■ Data excerpts
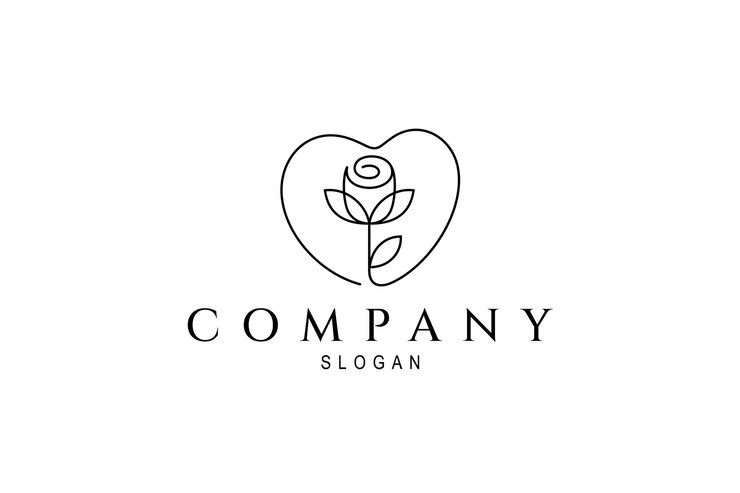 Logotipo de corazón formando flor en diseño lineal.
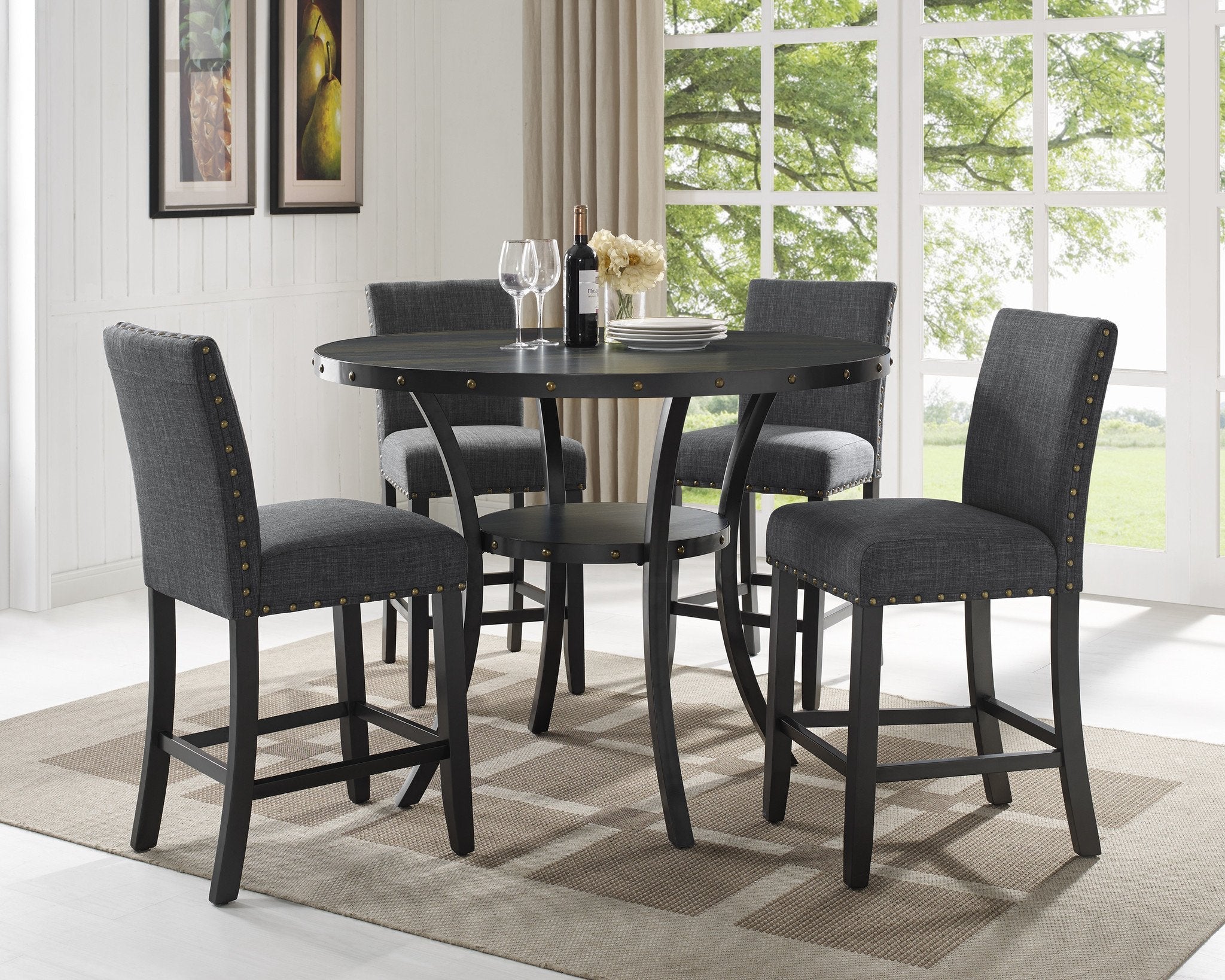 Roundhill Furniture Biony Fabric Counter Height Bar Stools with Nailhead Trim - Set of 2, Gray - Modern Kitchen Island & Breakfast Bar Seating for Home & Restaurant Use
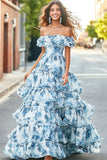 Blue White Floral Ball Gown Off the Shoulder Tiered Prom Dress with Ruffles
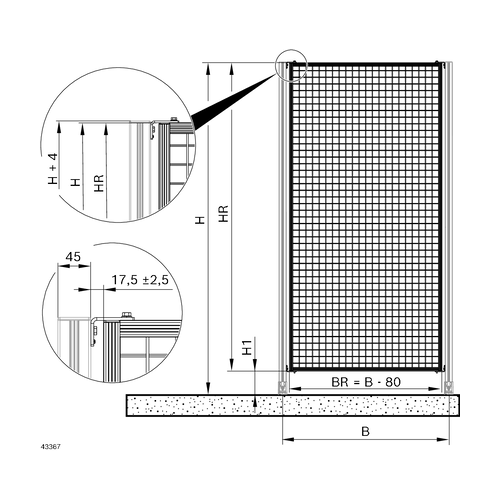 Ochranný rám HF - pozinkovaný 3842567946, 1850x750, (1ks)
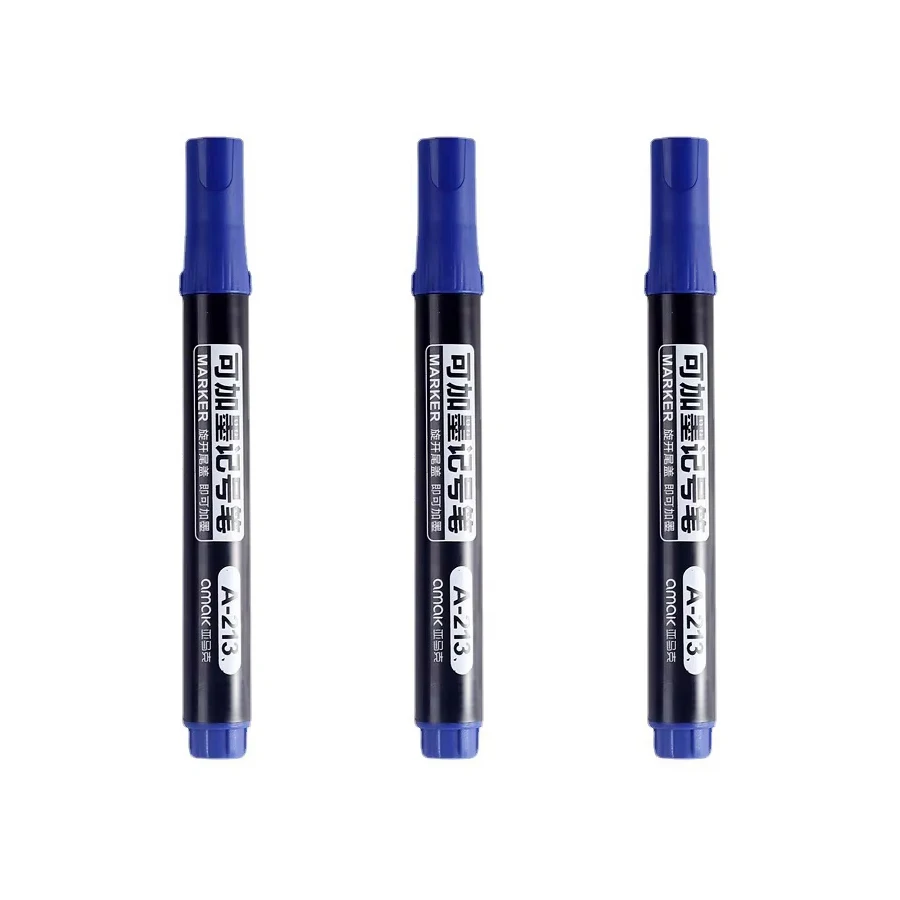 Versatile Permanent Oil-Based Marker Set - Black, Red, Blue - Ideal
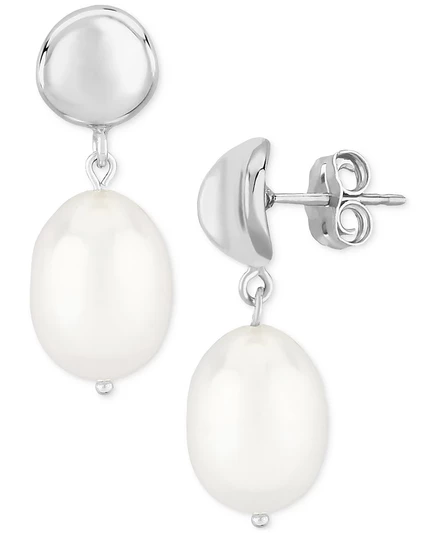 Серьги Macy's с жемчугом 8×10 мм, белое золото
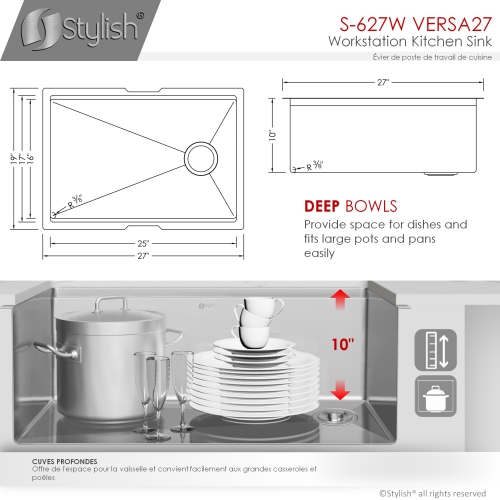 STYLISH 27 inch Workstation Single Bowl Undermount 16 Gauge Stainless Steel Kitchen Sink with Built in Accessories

---

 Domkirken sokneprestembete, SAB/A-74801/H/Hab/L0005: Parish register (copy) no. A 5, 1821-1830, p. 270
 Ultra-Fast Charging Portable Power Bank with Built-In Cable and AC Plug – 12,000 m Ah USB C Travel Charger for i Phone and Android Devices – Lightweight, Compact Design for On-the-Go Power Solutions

■ Problem requirements
Starting at the line containing "Logotipo de corazón" and stopping at the line containing "Roundhill Furniture Biony", output every line above exactly, both ends included, with pictures omitted.

■ Response to this exercise
 Logotipo de corazón formando flor en diseño lineal.
 Roundhill Furniture Biony Fabric Counter Height Bar Stools with Nailhead Trim - Set of 2, Gray - Modern Kitchen Island & Breakfast Bar Seating for Home & Restaurant Use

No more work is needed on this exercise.